Tag Archives: writing resources

The Essential Freelancers Library

By Amanda Smyth Connor1219898_old_books____2

Every writer should have a solid library that consists primarily of the books that you find most interesting or most inspirational in terms of improving your personal creativity and writing style. However, there are a few basics that every freelancer should have at the ready to prevent you from getting into a sticky situation.

1. The Associated Press Stylebook. This is a no-brainer and most of you are probably in possession of this, however, if you are one of the last holdouts, do yourself a favor and buy a copy. This book will clearly outline how and when to use specific vocabulary, grammar and punctuation while also outlining basic media laws. I’ve been an editor for six years and I pull out this book at least once a week. It’s worth its weight in gold.

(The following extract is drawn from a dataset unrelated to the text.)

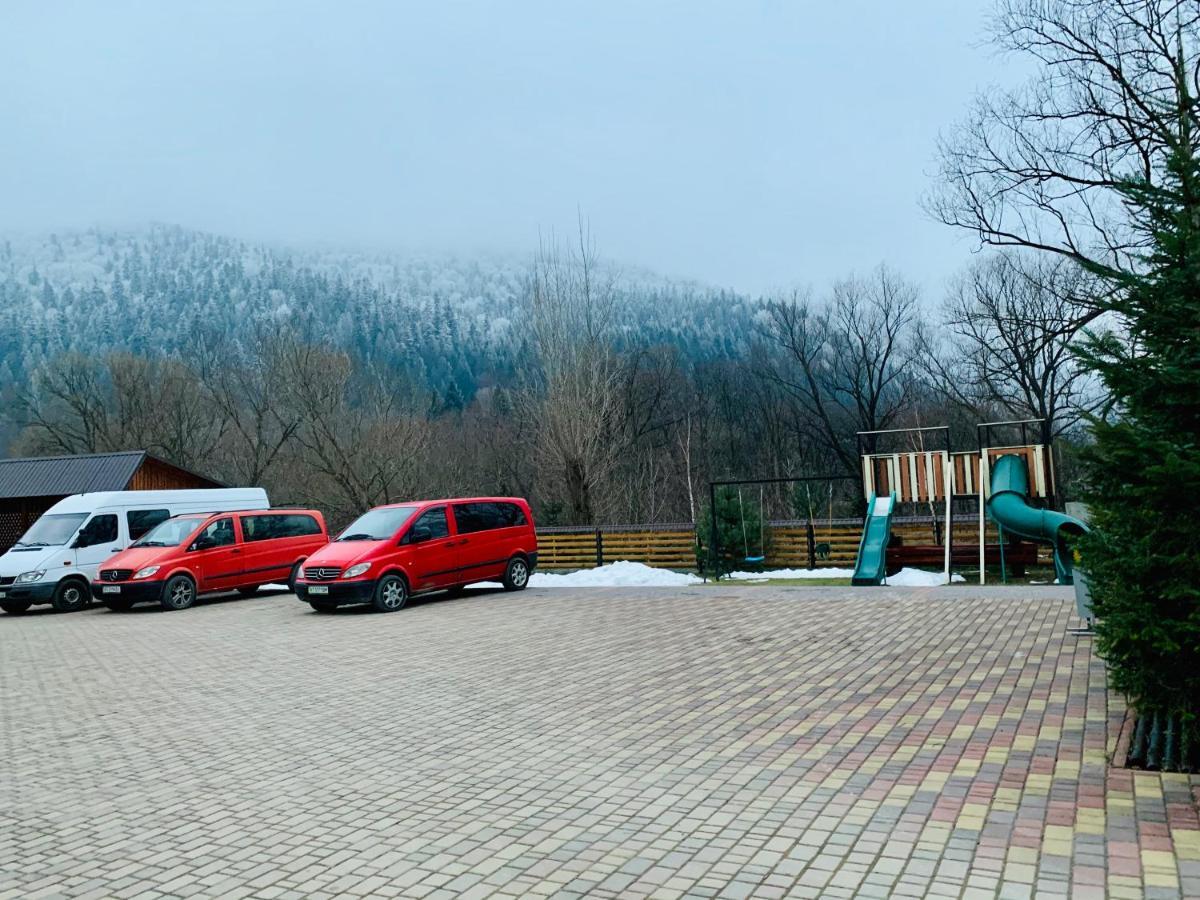 Вишиванка Dilyatyn Extérieur photo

2. The Chicago Manual of Style. You need this book because not every client who hires you uses the AP style. Plenty of clients still prefer the Chicago style over the AP style, plus it includes updates for digital media guidelines. Cover your bases and have both of these style books at the ready.

3. The Elements of Style. This elegant little book is a guide to the principle elements of writing. This book is not a rule book like the first two entries in this post. It serves as more of a basic road map for writers of all levels to follow on their journey to improving their writing skills.

4. The Writer’s Block. This kitschy little book has pulled me out of more than a few situations whereupon I found myself staring at a blank screen with a blank mind for hours on end. It comes complete with “786 ideas to jump start your creativity” that include writing exercises, spark words and tips for finding inspiration. It’s cheap, it’s fun and I like to reference this little block-shaped book every few months when my creativity well runs dry.

Have I forgotten anything vital? What are your favorite reference books?

Amanda Smyth Connor is a SEMPO-certified SEO specialist, has managed online communities and nationwide marketing campaigns for several start-up and  Fortune 500 companies, and has been an editor for more years than she can remember. She also runs her own wedding planning company, Hummingbird Bridal and Events, throughout the northeast.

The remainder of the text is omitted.